Do you allow skipping of grades for your students?
Often parents come to me asking me if I can skip grades for their child because he/she has been learning piano for quite some time but previous teacher has not prepared them for exam yet. There are many reasons why your child is still not yet ready for exams. Usually, the main reason is insufficient practice. It can also be that the child has a slow learning curve, or that there is insufficient parental involvement (this is very important especially for young children). I regret that will only be able to help if the child has a slow learning curve, but is willing to practice and has sufficient parental involvement in his/her music learning.
With regards to skipping of grades, I actually regard this as acceleration in learning instead of skipping grades, because nothing is to be skipped (except the exam) and the student still learns everything that I teach to all my other students who do not skip grades.

To qualify for acceleration in learning, the following conditions must be met.

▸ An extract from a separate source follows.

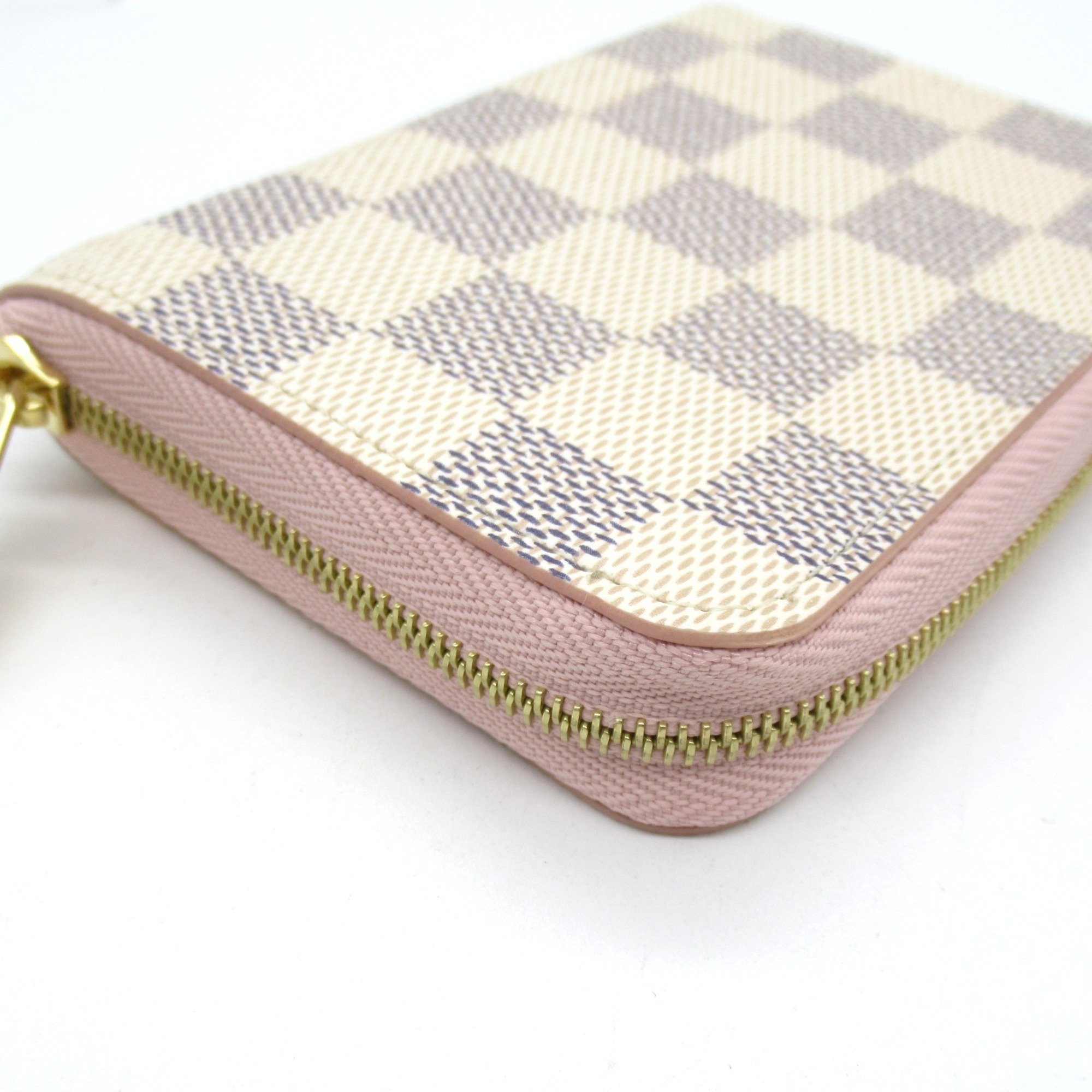 Louis Vuitton LOUIS VUITTON Zippy Coin Purse Wallet/Coin Case Wallet Coated Canvas Damier Azur Women's White Pink N60229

  • The student has a reasonable amount of music background.
  • The student has a fast learning curve, good memory and good motor skills and coordination.
  • The student is an older/adult beginner who can learn at a faster pace
  • The student must be willing to practice hard for exams. (This is a very important factor) Please note that if you want to skip a grade (for example grade 1-3) in a year but your current standard is still at the previous grade, I am expecting your practice to be at least 1.5 times more than what you are practicing for the previous grade. Remember I regard this as an acceleration rather than skipping. Therefore if you want to reach a higher standard at a shorter time, the only way is to practice more.

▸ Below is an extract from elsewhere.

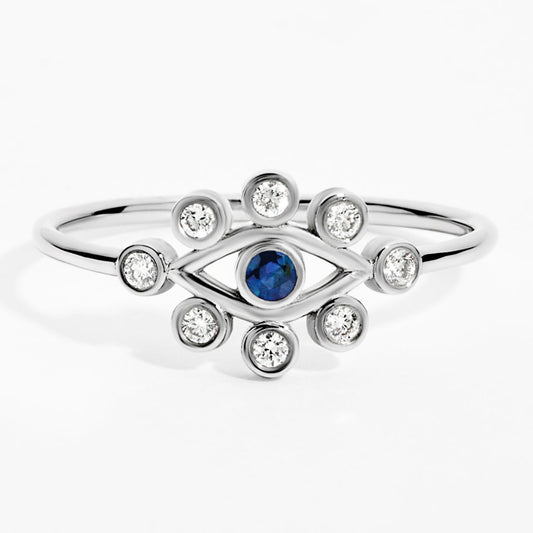 Eye Bezel Diamond & Sapphire Ring in White Gold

  • The student should be able to learn most notes by him/herself, especially at intermediate or advanced grades. They should not be the type who would require any spoon-feeding. Then, I can spend most of the time helping the student with the technique required for the grade and any other areas that they are weak in.
  • For students who have taken exams before, he/she should have obtained at least a distinction for lower grades and a merit for intermediate or higher grades.

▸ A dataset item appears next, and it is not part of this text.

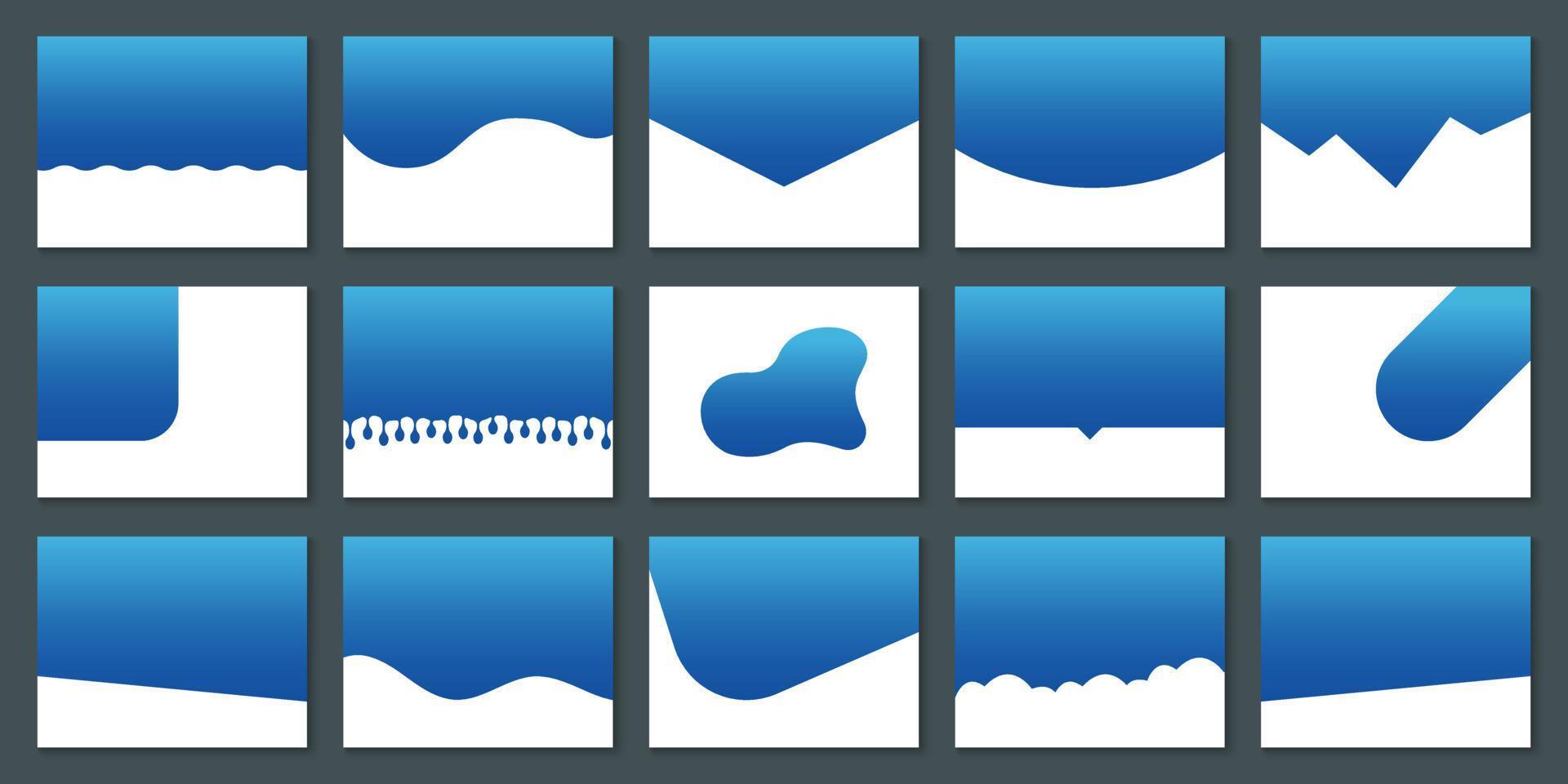 set di forme divisorie per sito Web. linee curve, gocce, raccolta di onde di elementi di design astratti per il sito web della pagina superiore e inferiore. illustrazione vettoriale isolata.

  • Students who wish to skip grades should be good in at least 2 of the supporting tests (scales, sight reading, aural), especially sight-reading as it shows what level you really are at. (There are people who passed grade 8 but can’t sight-read grade 1 pieces). This is because exam pieces can be learnt by rote, but supporting tests shows your proficiency in the instrument, your technique and how fast you can learn a new piece with the same amount of practice. And supporting tests can easily pull down your total marks if you are not good in it and still want to skip grades.
  • Maturity in musical awareness and willingness to practice very hard for students wishing to skip higher grades.